While details of his story as a graduate student at Indiana are apparently lost to history, it is obvious that going through the program no doubt took plenty of effort from him. Just getting up to Bloomington and back in the old pre-Interstate travel days – either by train or car -- was challenging enough. And the schoolwork no doubt required effort.

 

But the rewards were apparently great, too. Fellow black alum Lena Prewitt, who attended Indiana from Alabama and later worked for NASA, said of the experience in the 2008 magazine story, “The Southern culture robbed us of our dignity and of our self-esteem and our self-worth. Indiana restored my self-worth.”

 

While a number of mostly white colleges did offer graduate programs appealing to black students from the South and possibly elsewhere, Indiana was among the largest in the country for enrollment.

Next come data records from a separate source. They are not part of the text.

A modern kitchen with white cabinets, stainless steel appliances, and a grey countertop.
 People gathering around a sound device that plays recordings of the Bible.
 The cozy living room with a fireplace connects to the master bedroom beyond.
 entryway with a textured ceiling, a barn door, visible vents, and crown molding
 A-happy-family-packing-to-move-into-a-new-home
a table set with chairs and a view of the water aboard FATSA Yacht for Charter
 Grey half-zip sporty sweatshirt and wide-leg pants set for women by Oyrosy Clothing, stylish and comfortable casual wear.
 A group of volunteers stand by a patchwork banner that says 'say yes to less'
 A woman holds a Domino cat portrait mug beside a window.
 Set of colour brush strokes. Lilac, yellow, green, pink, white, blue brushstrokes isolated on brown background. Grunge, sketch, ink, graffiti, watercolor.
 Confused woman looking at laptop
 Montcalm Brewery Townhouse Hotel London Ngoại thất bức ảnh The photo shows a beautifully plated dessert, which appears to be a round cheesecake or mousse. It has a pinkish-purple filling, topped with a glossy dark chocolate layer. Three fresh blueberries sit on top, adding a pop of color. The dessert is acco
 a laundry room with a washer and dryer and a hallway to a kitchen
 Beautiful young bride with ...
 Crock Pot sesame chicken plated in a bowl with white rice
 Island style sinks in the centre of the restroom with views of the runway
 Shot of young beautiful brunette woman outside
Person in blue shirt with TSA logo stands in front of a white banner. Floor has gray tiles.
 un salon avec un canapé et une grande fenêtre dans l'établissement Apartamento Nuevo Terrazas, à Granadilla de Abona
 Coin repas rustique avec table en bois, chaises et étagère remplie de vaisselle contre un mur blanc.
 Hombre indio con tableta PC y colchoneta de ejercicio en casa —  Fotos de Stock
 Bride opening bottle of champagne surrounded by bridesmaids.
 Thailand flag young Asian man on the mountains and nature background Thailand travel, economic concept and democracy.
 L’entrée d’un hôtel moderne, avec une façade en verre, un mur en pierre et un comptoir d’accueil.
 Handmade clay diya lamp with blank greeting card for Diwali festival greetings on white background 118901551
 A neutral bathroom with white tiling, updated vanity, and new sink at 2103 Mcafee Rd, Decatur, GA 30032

This was probably due in part to the fact that Bloomington’s location in Southern Indiana was not far from many Southern states.

 

IU was not completely integrated in all areas by that time, but it was working hard to be under the popular school president, Dr. Herman B. Wells, historical research reveals.

 

It is not known if any other black Chattanooga educators from that time period were enrolled at Indiana, or exactly how Mr. Franklin learned of the program, other than possibly at Fisk. A spot check of the obituaries of a few other well-known black local educators found online did not reveal any who had also gone to Indiana.

 

Harry McKeldin Jr., who went through the undergraduate program at Knoxville College, had done graduate work at Columbia University in New York, another school that drew black students from the South and elsewhere.

 

Mr. Franklin would have been at Indiana at the time when Bill Garrett was the first black to play varsity basketball at a Big 10 school. He also graduated in 1951, so perhaps the two crossed paths or knew each other.

 

With some direction from Mr. Carney, I went by the old education building while visiting Indiana University. It is now the Bess Meshulam Simon Music Library and Recital Hall that is part of Indiana University’s acclaimed Jacobs School of Music.

 

The structure, which has been remodeled on the inside, had ceased being used by the education school about 1992, when a new facility was built, Mr. Carney said.

 

But a few reminders of the building’s past still come to life in a way as harmonious as the music played there, although in an architectural way. For example, the seemingly symmetrical building was built in 1937 and was a laboratory high school for a number of years, as an inscription and plaque, respectively, still note. The word, “Education,” is also still found over one side entrance.

 

In addition, a couple of education-related quotes are also present. They say “Education Shall Forever Be Encouraged,” a saying attributed to an Ordinance from 1787, and “Teachers Must Inspire As well As Instruct.” The latter is credited to early Indiana education pioneer Caleb Mills.

 

And inside is a simply gorgeous stairway hall with marble flooring of multi-colors, perhaps unintentionally symbolic of the education program that had integrated early on. A ring/seal apparently depicting symbols of the Zodiac also is embedded in the floor.

 

There is also some stonework lining the wall next to a stairway, where countless students, including probably Mr. Franklin, went up and down on the way to classes.

 

He was likely trying to ascend in a pioneering sort of social way, too.

 

He apparently succeeded, based on his later accomplishments that culminated with the recent renaming of the City Council building in his memory.